La Ética Cristiana, al igual que cualquier sistema ético, se construye alrededor de una o más virtudes. En el caso del Cristianismo, las virtudes, convencionalmente, han sido enumeradas como siete, sobre la creencia de que estas siete, cuando se combinan con sus vicios opuestos, es decir, los siete pecados capitales, pueden explicar todo el rango de la conducta humana. Estas siete virtudes consisten de cuatro virtudes “naturales”, las cuales eran conocidas para el mundo pagano de la antigüedad, y las tres virtudes “teológicas”, las cuales fueron prescritas específicamente en el Cristianismo. Las virtudes naturales pueden adquirirse a través de los esfuerzos humanos, pero las teológicas surgen como dones especiales de Dios.[1]
Las virtudes naturales son la prudencia, la templanza, el valor, y la justicia. Se dice que esta lista data desde los tiempos de Sócrates y que realmente se encuentra en Platón y Aristóteles. Los moralistas cristianos como Agustín y Tomás de Aquino hallaron razonable esta lista. A estas cuatro virtudes, el Cristianismo añadió las tres virtudes teológicas, la fe, la esperanza y el amor.[2] Estas tres originalmente fueron introducidas por Pablo, quien no solamente distinguió a las mismas como virtudes específicamente cristianas, sino que individualizó el amor como la principal entre estas tres: “Y ahora permanecen la fe, la esperanza, y el amor, estos tres; pero el mayor de ellos es el amor” (1 Cor. 13: 13).[3]

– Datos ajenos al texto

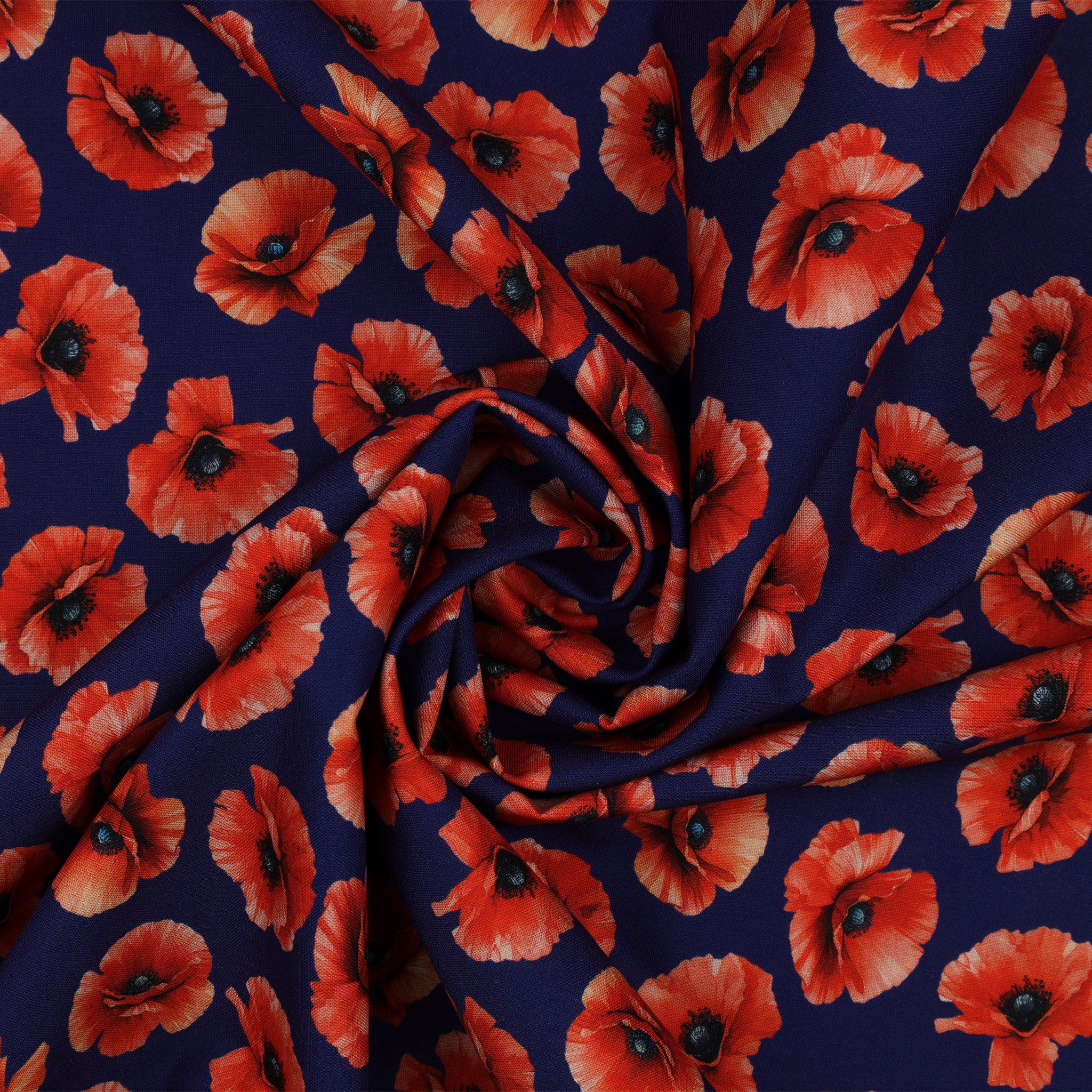 Red, White & Sweet Fabric Collection - Pretty Poppies Navy - Image 2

De esta forma, el amor en el Cristianismo se convierte en el patrón de reglamentación, y cuando existe un conflicto de deberes, debe dársele prioridad al amor.[4] El amor es tan importante que todo el viaje místico o espiritual es visto como un viaje de amor. Resumiendo lo que ha dicho en su libro acerca del misticismo, William Johnston escribió:
“El [misticismo] es la respuesta al llamado del amor; y cada etapa es iluminada y guiada por una llama viviente, una conmoción ciega, un amor que no tiene reserva o restricción. Éste es el amor el cual, dice Pablo, es superior a cualquier don carismático y no tiene limitaciones. “Soporta todo, cree en todas las cosas, supera todo… es un amor sin fin” ( 1 Cor. 13: 7-8).”[5]